I hope all of you on the East Coast are safe and sound following Sandy! I rode out the storm working from home and getting into the Halloween spirit by carving a pumpkin. That’s right, Halloween waits for no hurricane. I am sure you stocked up on candy, in addition to your pre-Sandy supplies. I certainly did. Sunday night while many people were buying water, bread and batteries, I was at Target buying a pumpkin, and yes, I did get some odd looks in the check-out line.

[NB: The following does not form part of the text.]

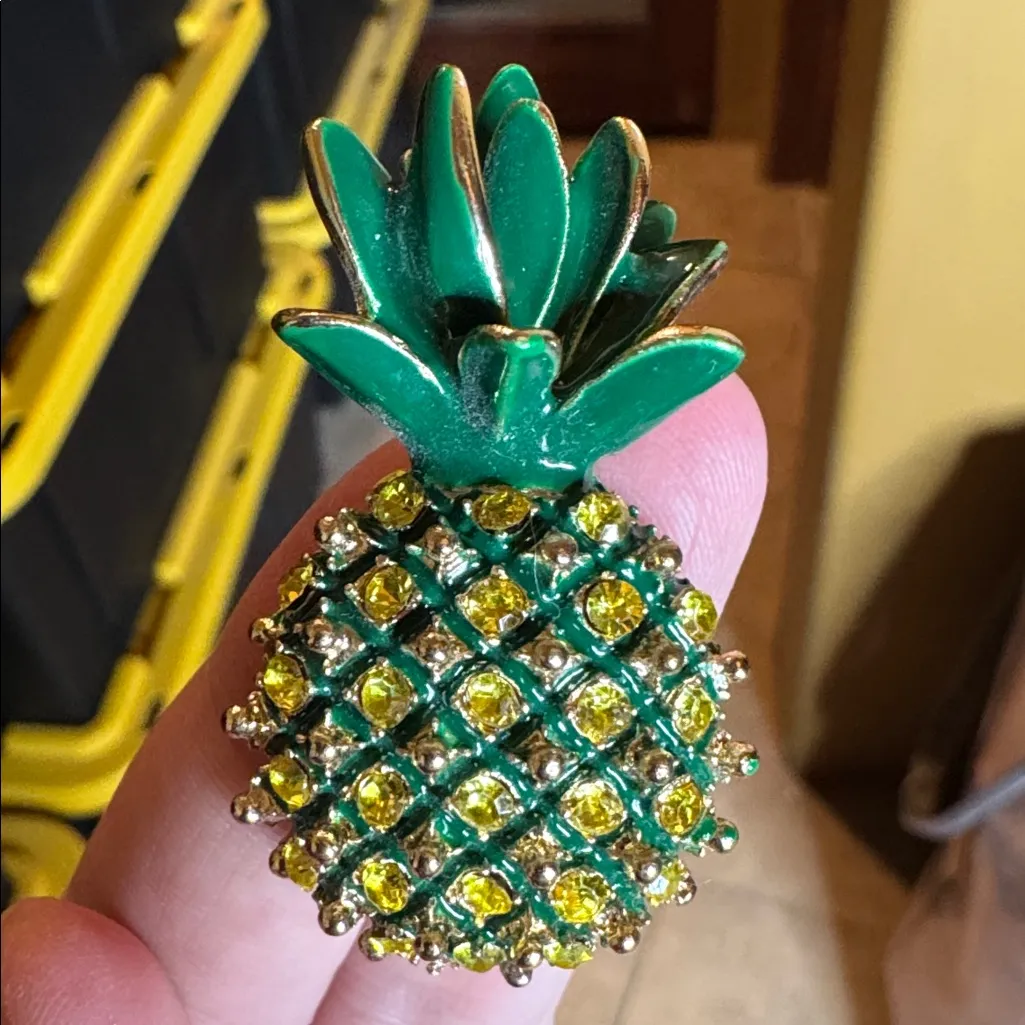 Vintage Enamel & Crystal Pineapple Brooch Green Gold Tropical Statement Pin - Image 8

My “Hurricane Sandy Survival Kit”

I was inspired to get into the holiday spirit by a recent visit to the Jack-O-Lantern Spectacular at Providence’s Roger Williams Zoo, and it certainly earns its “spectacular” moniker. This year’s theme was “All the World’s a Stage,” with scenes and characters from iconic movies, plays and TV shows coming to life through 5,000 jack-o-lanterns. Some are carved in a traditional way, and others with intricate scenes on the surface of the pumpkins, and illuminated from within. My prose cannot do these gourds justice, you really have to see it to believe it.

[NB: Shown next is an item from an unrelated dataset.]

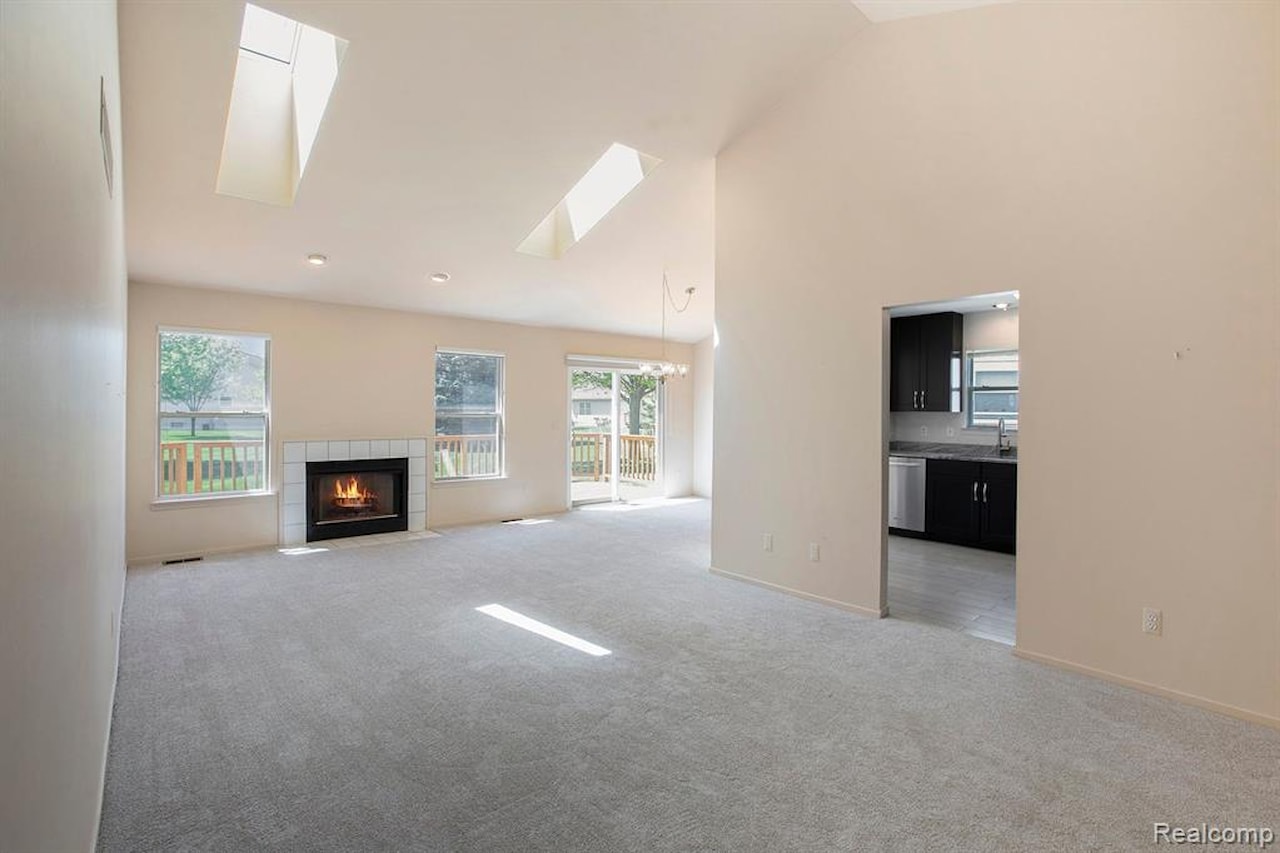 413 Mulberry Dr in Commerce Twp, MI Photo 4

There is a pumpkin inside this pumpkin

I was lucky enough to get an expertly guided tour from the man behind the pumpkins, Travis Reckner. The seeds of the pumpkin spectacular (pun intended) were planted years ago when Travis was 15-years-old and he and his father organized a much smaller show to raise money for a local school. Their pumpkin displays gradually grew, year by year, from hundreds of pumpkins to thousands. The Roger Williams Zoo had been the home of the spectacular from 2001-2004, and it returned in 2009. With one more week left in the season, there have already been more than 90,000 visitors who have streamed through the zoo to get a peek at the creations that Travis and his team of 20 create and refresh on a weekly basis. They work around the clock, and their hard work is evident when you see the results.

As an huge fan of “The A-Team,” I loved this Mr. T pumpkin

Travis – a chef, and alum of Cambridge’s Rialto — uses special tools to create this pumpkin wonderland, including vacuums and instruments that are designed to cut linoleum. He unabashedly admits that pumpkins are his passion. He says he and his team even get a little depressed this time each year, during the waning days of the spectacular. Travis’ story is an inspiring one, in that he found his passion in a non-traditional area, pumpkins, and he has carved out (again, pun intended, I am on a roll) a job that allows him to do what he loves. Sometimes the thing that makes us happiest doesn’t come in a neat, easy package. But if we listen to our hearts, and don’t give up, we can find a way to follow our passions!

Travis, hard at work

So many pumpkins

There’s no place like home

And, here is my jack-o-lanter, inspired by Travis, and made possible by some forced down-time courtesy of Hurricane Sandy. I was prepared in case the lights went out! Obviously, I need some serious practice if I want to be able to help Travis out next year.

 Thanks to Travis Reckner for taking the time to share his passion with me. The Jack-O-Lantern Spectacular is not to be missed. After going toe to toe with Sandy, it will reopen on Halloween and will be open through Saturday, November 3th. Thank you as well to Whitney Dayton Brunet, it would have been depressing to carve alone.